Repete, sempre que se vê na situação de bobo, o velho adágio: "Eu finjo de bobo para viver" Quando percebe um ingênuo no meio do povo, e se aquele está a caçoar dele, diz entre insonso e pensativo: “O que seria do bobo do Rei se o Rei não fosse meio bobo”. Isso vira uma verdadeira festa quando todos entendem a indireta menos o “Rei meio bobo”.

Perguntado sobre suas namoradas, lista as moças mais bonitas do lugar. Há indícios de que as solteironas gostam de participar dessa relação e que a disputam como forma de publicidade gratuita. Algumas delas até se submetem a andar de bonde com o Candinho, por alguns metros, como forma de constar da lista. Este footing, que anima a praça de Piraguara nas noites de sábado e domingo, só é patético para quem é pateta, mas o certo é que Candinho se alinha à moça e lá vai ele num passeio fugaz, lado a lado (que por aqui é chamado de andar de bonde), sem conversa, sem olhos nos olhos e sem mão na mão.  Anda apenas alguns metros pareado à dama, mas realizou seu fim de semana.

Candinho, você tomou café com o quê? Resposta: “Tomei café com o simples mesmo”.
Tem fala arrastada e sem pressa que combina bem com a sua indolência. É modelo perfeito para um caipira: fosse contemporâneo de Monteiro Lobato, poderia tê-lo inspirado, e teríamos um Jeca-tatu ainda mais representativo.

É atrevido no trato com as pessoas, mas não tem força nem física nem moral para se fazer respeitado. Sabe agredir com palavras, mas faltam-lhe músculos, então, tem que se sujeitar às brincadeiras de mau gosto. Não tem como resistir quando a rapaziada se organiza para lhe dar tratamento, dito, especial.

Sua cabeça movida a calmaria não suporta o uso de latrinas. Prefere bananeiras onde calmamente pode ficar horas para realizar suas necessidades mais sólidas. Embora tal regalia lhe traga constantes dissabores, pois a meninada logo descobre seu esconderijo e esconde suas roupas bem longe, mantem-se convicto de que é a melhor maneira: “Candinho, por que uma bananeira?” Resposta: “Detesto pressa e ter que me justificar todo tempo e ficar gritando: tem gente!”.

Tem algumas respostas interessantes para perguntas do tipo: “Vamos tomar uma pinga e comer um churrasco lá na cachoeira? “É claro”, responde alegre e continua: “Cê já viu tamanduá bandeira recusar formiga cabeçuda!”

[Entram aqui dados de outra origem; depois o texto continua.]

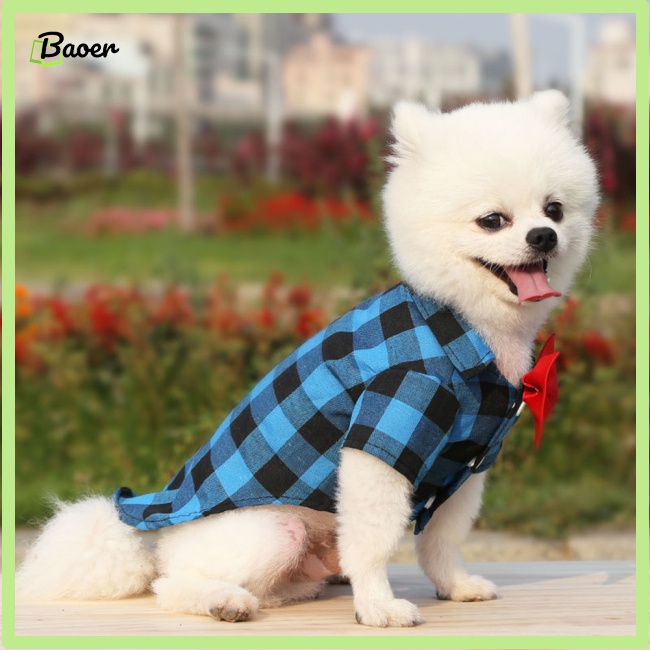 Áo Sơ Mi Họa Tiết Kẻ Sọc Dễ Thương Dành Cho Cún Cưng 100%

Assim era o Candinho. Mais posso contar, só se for perguntado. E fica o desafio: quem souber e quiser pode postar abaixo, como comentário, algum caso ocorrido com o nosso herói.

4 comentários:

  1. ei, Lulu de Sodiga.

    Adorei saber que você escreve tão bem!

    Sua prima Vânia de Nonô (Nonô de Peixe)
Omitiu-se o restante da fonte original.